===== SUPPLIED RECORDS =====

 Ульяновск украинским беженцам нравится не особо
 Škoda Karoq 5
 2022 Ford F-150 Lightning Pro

=====
===== SUPPLIED RECORDS =====

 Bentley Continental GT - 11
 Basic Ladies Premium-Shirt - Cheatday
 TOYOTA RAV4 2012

=====
===== SUPPLIED RECORDS =====

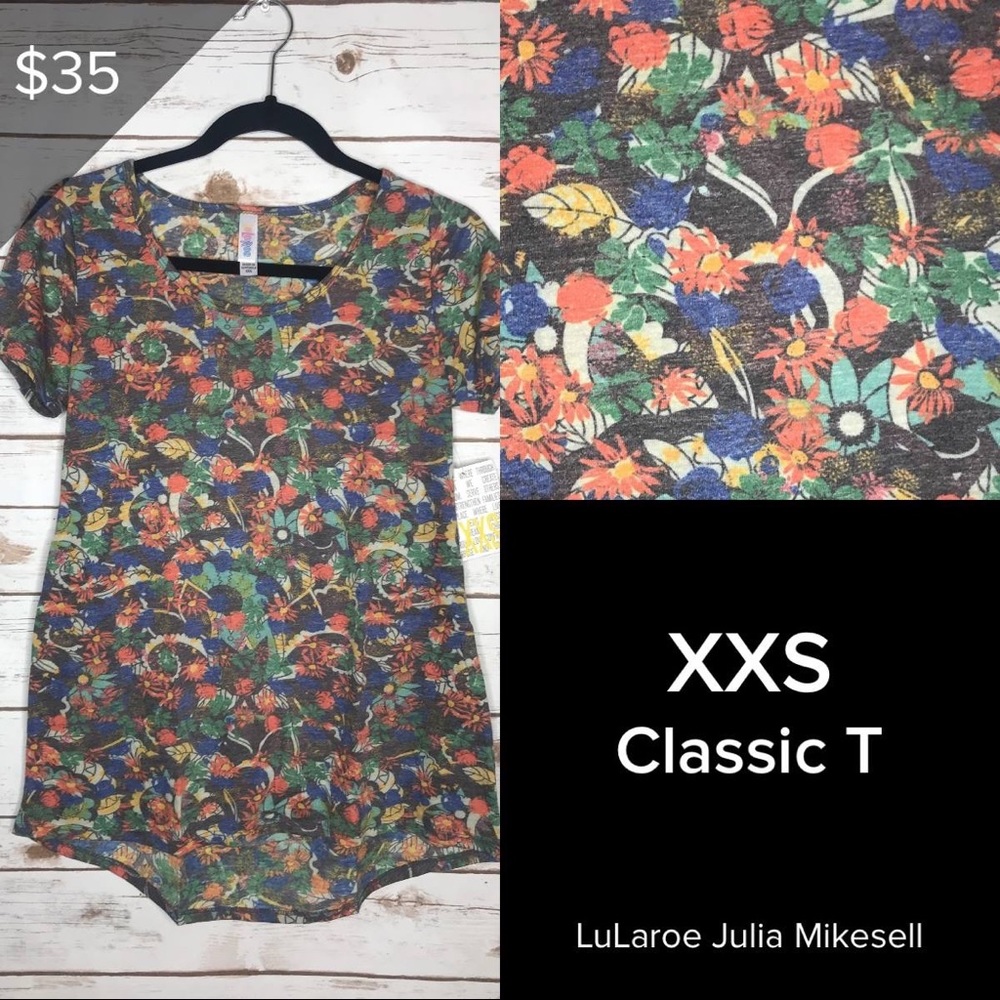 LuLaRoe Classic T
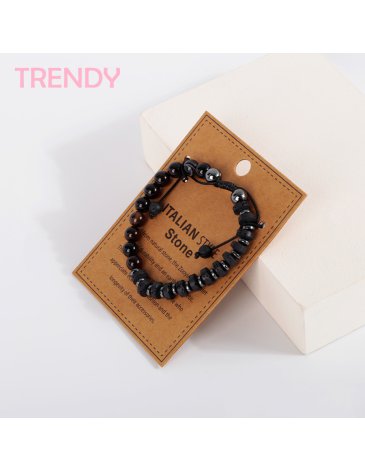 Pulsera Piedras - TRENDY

=====

A verbatim transcription is needed of the lines above, starting at the line with "Bentley Continental GT - 11" and ending at the line with "TOYOTA RAV4 2012", both included, and of nothing else.

TASK ANSWER -
 Bentley Continental GT - 11
 Basic Ladies Premium-Shirt - Cheatday
 TOYOTA RAV4 2012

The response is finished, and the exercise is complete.